* [Extracted records]
----------------------------------------

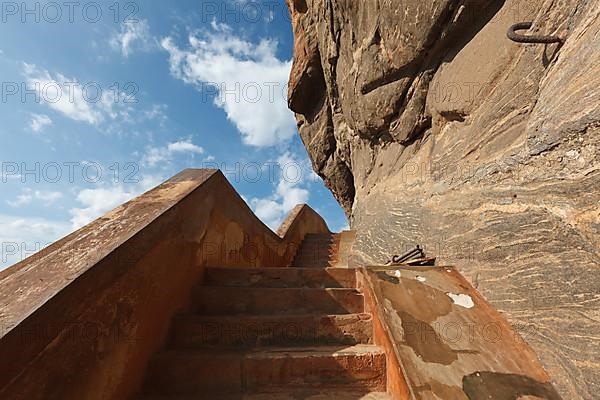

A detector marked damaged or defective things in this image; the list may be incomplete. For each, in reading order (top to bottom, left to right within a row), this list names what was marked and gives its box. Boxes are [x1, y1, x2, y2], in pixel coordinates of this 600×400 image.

rusty metal ring [506, 21, 564, 44]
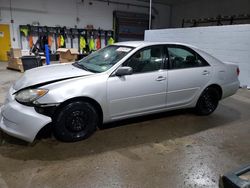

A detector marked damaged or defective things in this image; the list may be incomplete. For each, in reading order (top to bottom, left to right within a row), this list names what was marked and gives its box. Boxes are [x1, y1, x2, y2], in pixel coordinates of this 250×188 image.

cracked headlight [14, 88, 48, 104]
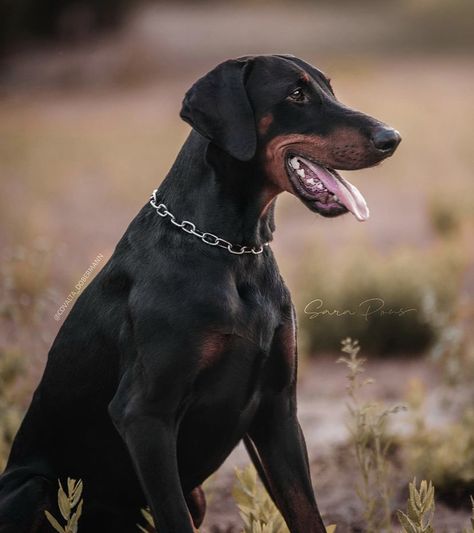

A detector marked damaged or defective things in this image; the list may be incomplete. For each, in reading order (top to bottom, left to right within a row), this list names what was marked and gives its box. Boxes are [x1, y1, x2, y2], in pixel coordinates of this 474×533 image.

rust tan marking [262, 129, 374, 193]
rust tan marking [198, 330, 230, 368]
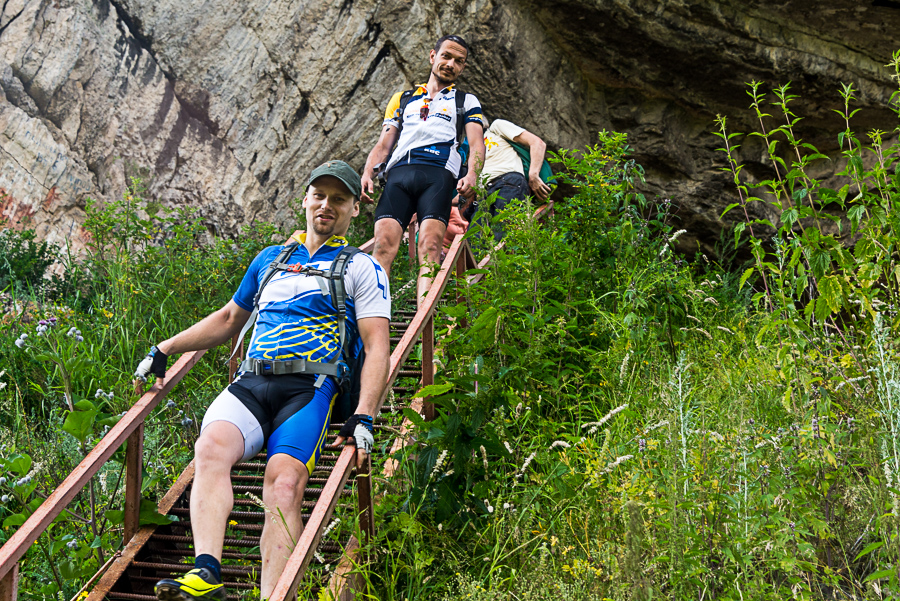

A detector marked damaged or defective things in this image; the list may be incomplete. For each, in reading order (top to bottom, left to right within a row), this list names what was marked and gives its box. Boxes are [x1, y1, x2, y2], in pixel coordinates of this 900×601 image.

----------------------------------------

Output the material word for word, and keep the pictures out.

A detector marked damaged or defective things in this image; the list may be incomplete. For each, in reading order (top to bottom, left to right within a row), this list names what was marked and gives its box. Boxes are [x1, y1, x2, y2], in pixel coordinates of this 600×400 image.

rusty metal ring [506, 21, 564, 44]

A detector marked damaged or defective things in this image; the list may be incomplete. For each, in reading order (top to bottom, left to right within a row), this list names what was marked and gives its box. Boxes are [x1, y1, x2, y2], in pixel coordinates of this 250×188 image.

cracked headlight [14, 88, 48, 104]

A detector marked damaged or defective things in this image; the list may be incomplete. For each, in reading order (top to bottom, left to right within a row), this list names what was marked and gives its box. Boxes are [x1, y1, x2, y2], in pixel coordinates of this 474×533 image.

rust tan marking [262, 129, 374, 193]
rust tan marking [198, 330, 230, 368]

A detector marked damaged or defective things in this image; the list may be incomplete. For each, in reading order (top to bottom, left to right within a row), this list names what was marked and gives its box. Boxes are [x1, y1, x2, y2], in pixel coordinates of this 900×601 image.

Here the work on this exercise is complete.